Avec le tournant numérique, les données sont devenues un enjeu sociétal central. La massification des informations disponibles, l’augmentation des capacités de stockage et de traitement ainsi que le développement d’outils de collecte et d’analyse toujours plus performants ont largement accru le potentiel financier, politique et scientifique des données. Aujourd’hui, la plupart des agences de financement de la recherche exigent d’ailleurs que les données produites avec leur soutien soient archivées dans des bases de données numériques en libre accès dans le but d’en optimiser l’exploitation, favoriser la transparence et permettre la reproductibilité. À cette fin, les chercheur·se·s financé·e·s sur des fonds publics sont invité·e·s à élaborer des plans de gestion des données – ou Data Management Plans (DMP) –, documents stratégiques visant à planifier le cycle de vie des matériaux empiriques produits dans le cadre de leurs projets. De la collecte à l’archivage en passant par les formats de conservation et les mesures de protection des participant·e·s, tout doit être soigneusement organisé de sorte à rendre in fine les données trouvables, accessibles, interopérables et réutilisables, dans le respect des principes FAIR.

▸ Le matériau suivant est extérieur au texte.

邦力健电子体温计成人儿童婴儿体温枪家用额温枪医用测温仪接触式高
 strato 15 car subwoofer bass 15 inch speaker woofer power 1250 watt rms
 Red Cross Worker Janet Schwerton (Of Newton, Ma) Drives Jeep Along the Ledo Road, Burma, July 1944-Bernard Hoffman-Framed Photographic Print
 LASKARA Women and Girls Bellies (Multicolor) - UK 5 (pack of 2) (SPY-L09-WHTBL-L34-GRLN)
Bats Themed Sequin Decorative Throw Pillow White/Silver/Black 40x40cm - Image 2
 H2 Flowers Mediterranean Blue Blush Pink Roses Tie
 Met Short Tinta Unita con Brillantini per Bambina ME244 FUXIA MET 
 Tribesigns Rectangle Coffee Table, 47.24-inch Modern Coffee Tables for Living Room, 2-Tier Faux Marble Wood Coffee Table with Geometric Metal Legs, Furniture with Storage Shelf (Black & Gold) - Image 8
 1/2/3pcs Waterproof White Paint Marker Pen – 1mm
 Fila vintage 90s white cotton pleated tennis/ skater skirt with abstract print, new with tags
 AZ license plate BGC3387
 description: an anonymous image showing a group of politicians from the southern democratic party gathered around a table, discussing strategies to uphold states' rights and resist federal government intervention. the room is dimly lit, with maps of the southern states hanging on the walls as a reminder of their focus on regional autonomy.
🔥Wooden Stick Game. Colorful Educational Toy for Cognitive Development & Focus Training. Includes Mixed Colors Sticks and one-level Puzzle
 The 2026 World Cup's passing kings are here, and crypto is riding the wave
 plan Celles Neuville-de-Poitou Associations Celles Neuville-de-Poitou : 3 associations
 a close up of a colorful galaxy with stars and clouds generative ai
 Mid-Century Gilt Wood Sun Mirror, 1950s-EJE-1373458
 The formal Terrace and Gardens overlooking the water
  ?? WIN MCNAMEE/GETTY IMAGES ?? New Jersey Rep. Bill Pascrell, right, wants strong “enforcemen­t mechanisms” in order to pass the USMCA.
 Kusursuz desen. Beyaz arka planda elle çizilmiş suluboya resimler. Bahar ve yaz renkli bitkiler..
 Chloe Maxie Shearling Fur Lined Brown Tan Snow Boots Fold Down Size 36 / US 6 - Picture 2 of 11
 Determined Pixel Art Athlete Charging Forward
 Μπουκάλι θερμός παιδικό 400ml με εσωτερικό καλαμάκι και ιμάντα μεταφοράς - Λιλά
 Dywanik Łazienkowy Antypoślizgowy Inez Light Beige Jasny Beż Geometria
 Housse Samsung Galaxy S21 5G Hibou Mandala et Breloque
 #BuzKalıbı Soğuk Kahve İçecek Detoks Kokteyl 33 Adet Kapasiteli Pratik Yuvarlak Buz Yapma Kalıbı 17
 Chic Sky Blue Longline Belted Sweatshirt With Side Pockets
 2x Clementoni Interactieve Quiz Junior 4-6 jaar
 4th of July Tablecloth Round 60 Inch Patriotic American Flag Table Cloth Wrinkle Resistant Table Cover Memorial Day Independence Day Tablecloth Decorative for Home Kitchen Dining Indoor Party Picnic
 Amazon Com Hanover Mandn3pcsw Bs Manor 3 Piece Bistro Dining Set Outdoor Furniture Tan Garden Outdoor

Si l’avènement de l’Open Data témoigne de la valeur accrue accordée aux données, il reflète également le caractère d’évidence que revêtent ces dernières. Tout se passe, en effet, comme si les données étaient un objet « déjà donné là » qu’il s’agirait simplement de gérer dans le respect des nouveaux standards en vigueur. C’est faire l’impasse sur le caractère hautement polysémique – voire polémique – d’un concept dont il n’existe aucune définition consensuelle (Schöpfel et al., 2017) et dont l’usage ne fait pas l’unanimité au sein des sciences sociales. Certain·e·s chercheur·e·s renoncent, par exemple, à recourir à une notion qui ne rend pas suffisamment compte du caractère « obtenu » (Latour 1993) et construit de son objet. Cette posture critique est particulièrement présente au sein des approches issues de l’anthropologie pour qui les données ne sont non seulement jamais « récoltées mais façonnées » (Denis et Goëta, 2016 : 25) mais tendent également à incorporer « le monde social dans lequel celui ou celle qui les produit évolue » (Revelin et al. 2021 : 10)
À l’heure de devoir (re-)définir et mettre en œuvre des nouvelles politiques en matière de gestion, d’ouverture et de réutilisation des données, interroger collectivement leur nature, leur rôle, le sens et leur statut dans la pratique ethnographique apparaît comme primordial. En effet, les principes de la science ouverte, et les instruments qui les opérationnalisent, prennent leurs racines dans des épistémologies issues des sciences naturelles, rendant leur traduction vers d’autres traditions de recherche souvent délicate. C’est notamment ce que souligne la Société Suisse d’Ethnologie (SSE) dans sa prise de position sur la science ouverte et la gestion des données : “anthropologists are (…) acutely aware that new regulatory and legal requirements are often based on research paradigms that originate in other disciplines (that natural sciences in particular) and that can be inappropriate or counterproductive when applied to ethnographic research” (2021 : 4). Les enjeux matériels, épistémologiques, méthodologiques, de carrière ainsi que les rapports subjectifs aux matériaux empiriques pouvant fortement varier d’une discipline à l’autre, une mise en œuvre indistincte des nouveaux standards en matière de gestion des données ne peut que générer asymétries et inégalités. Il n’est guère besoin d’analyses poussées pour voir que la gestion d’un jeu de données statistiques conçu sur la base d’une méthodologie standardisée ne pose pas les mêmes défis que la gestion d’un corpus de notes d’observation manuscrites. Si ces considérations, une fois formulées, peuvent revêtir une certaine forme d’évidence, elles demeurent cependant la plupart du temps de l’ordre du non-dit. Or, la difficulté à traduire et à mettre en œuvre les injonctions de la science ouverte n’est pas sans générer des tensions qu’une clarification des particularités disciplinaires, méthodologiques ou épistémologiques pourrait contribuer à atténuer.
La présente édition des ALE a pour but de mettre la question des données ethnographiques au centre des discussions. Il s’agira, à travers des retours réflexifs, de se réapproprier la question des matériaux empiriques, et plus particulièrement de leur nature, rôle et statut, afin de mieux en délimiter les formes et les frontières dans un contexte de standardisation accru des pratiques de recherche et, plus particulièrement, en matière de gestion des données.